==== RECORDS FOR THIS TASK

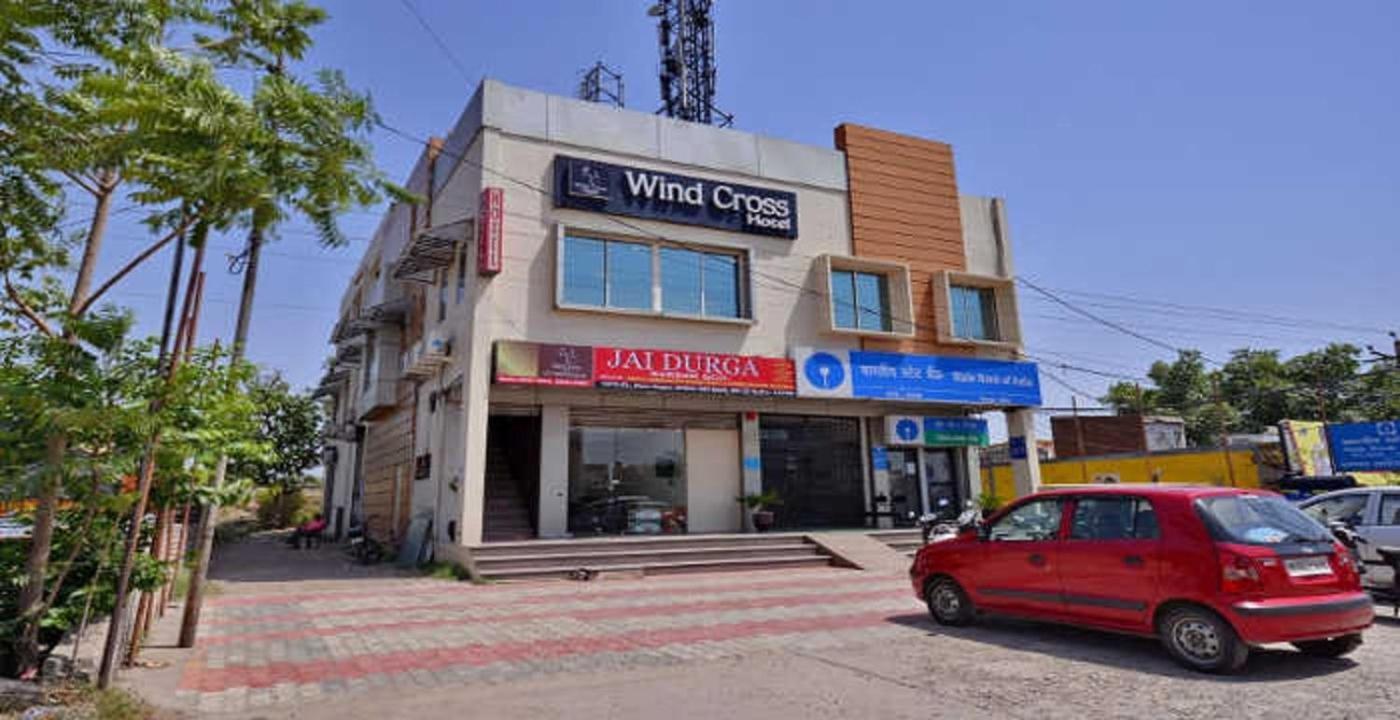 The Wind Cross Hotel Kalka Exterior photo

========
==== RECORDS FOR THIS TASK

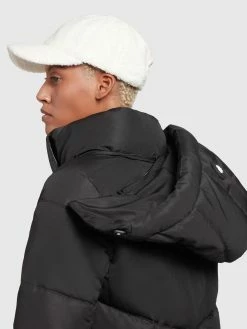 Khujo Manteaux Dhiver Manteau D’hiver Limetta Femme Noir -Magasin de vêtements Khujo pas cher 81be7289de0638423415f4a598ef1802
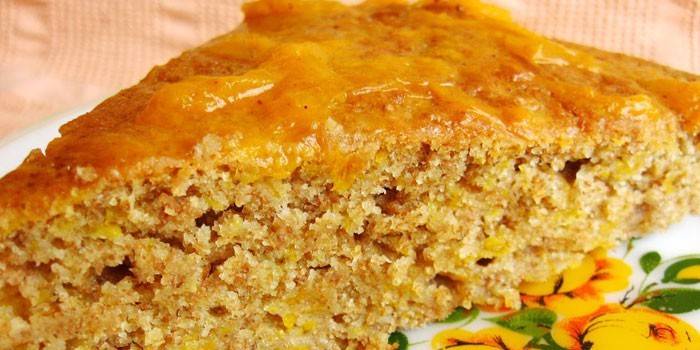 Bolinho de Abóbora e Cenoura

========
==== RECORDS FOR THIS TASK

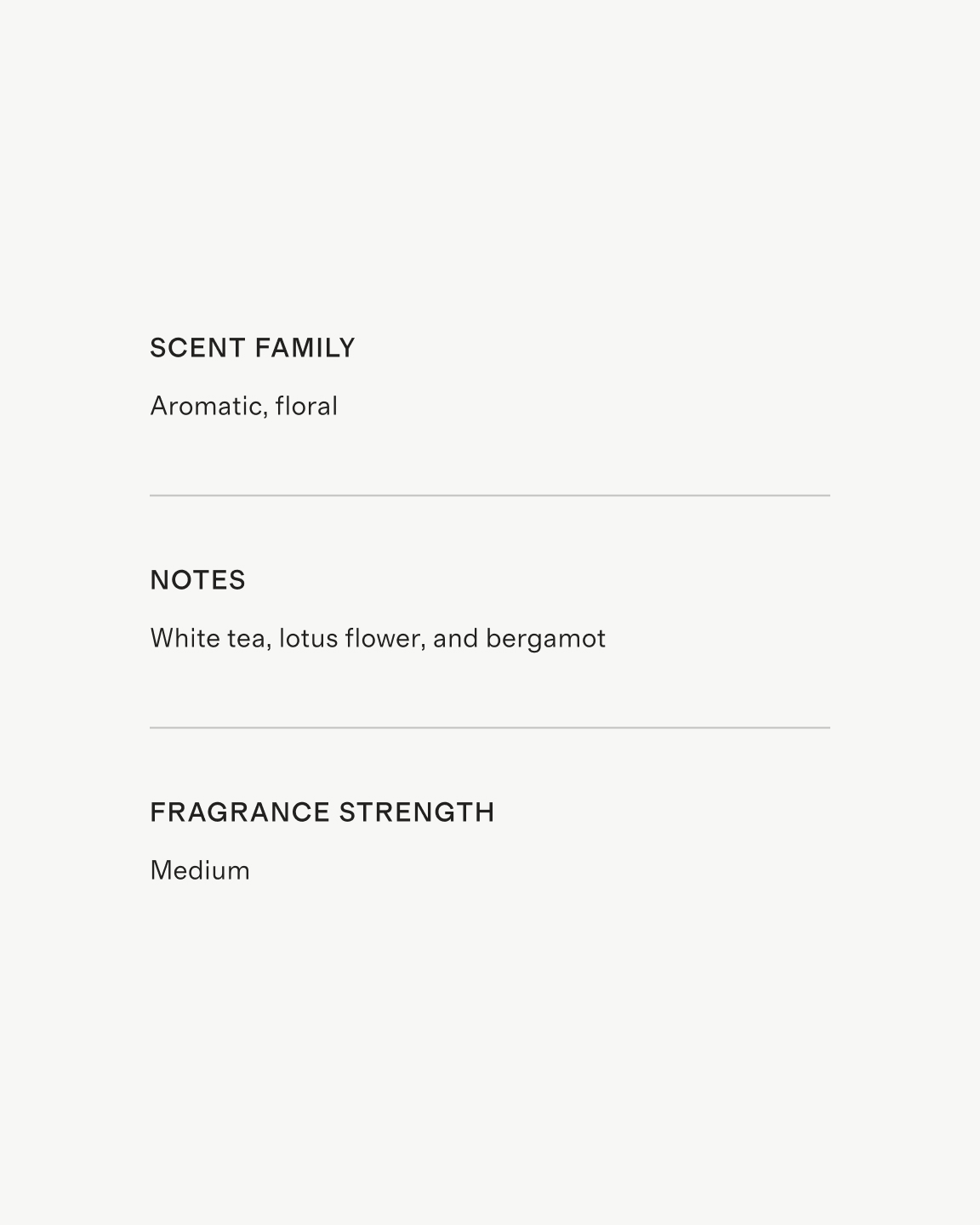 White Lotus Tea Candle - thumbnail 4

========

TASK DESCRIPTION
Of the records above, print only the lines from the one containing "Khujo Manteaux Dhiver" through the one containing "Bolinho de Abóbora e Cenoura", inclusive and unaltered, leaving out pictures.

WRITTEN ANSWER
 Khujo Manteaux Dhiver Manteau D’hiver Limetta Femme Noir -Magasin de vêtements Khujo pas cher 81be7289de0638423415f4a598ef1802
 Bolinho de Abóbora e Cenoura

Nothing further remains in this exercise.